## YOUR INSTRUCTIONS
Two lines in the listing below mark the span: one contains "Born and Raised" and one contains "Crème budgétaire rose". Reproduce both of them and everything between, exactly.

## THE DATA
»»
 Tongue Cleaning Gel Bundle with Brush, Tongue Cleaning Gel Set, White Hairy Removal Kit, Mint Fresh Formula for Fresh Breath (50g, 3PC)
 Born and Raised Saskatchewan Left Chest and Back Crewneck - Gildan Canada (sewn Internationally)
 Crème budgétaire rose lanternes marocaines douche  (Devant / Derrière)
««
»»
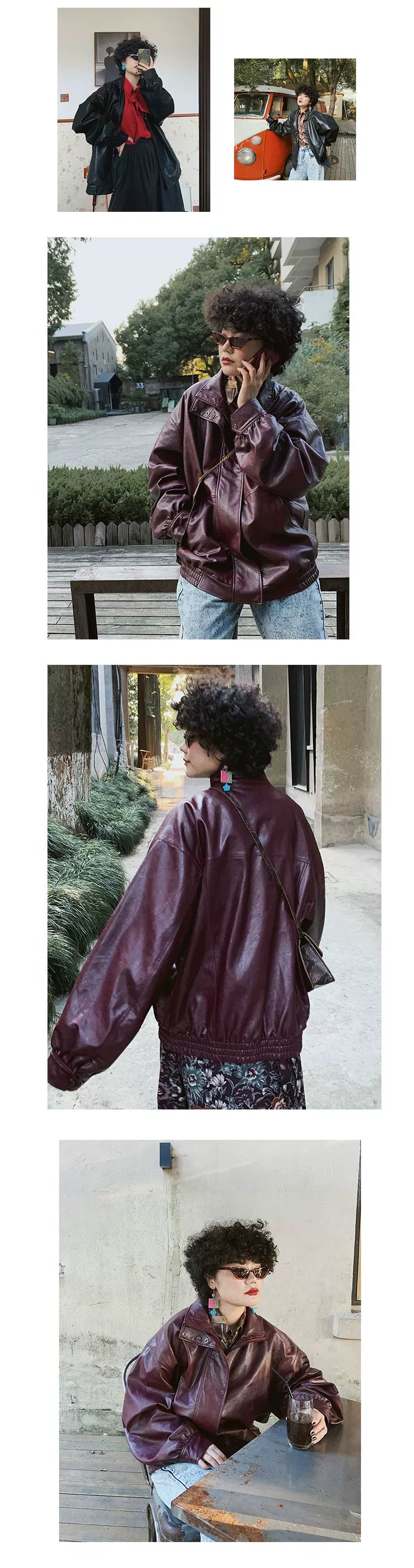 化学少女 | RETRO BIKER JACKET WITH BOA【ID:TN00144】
««
## SOLUTION FOR THIS PROBLEM
 Born and Raised Saskatchewan Left Chest and Back Crewneck - Gildan Canada (sewn Internationally)
 Crème budgétaire rose lanternes marocaines douche  (Devant / Derrière)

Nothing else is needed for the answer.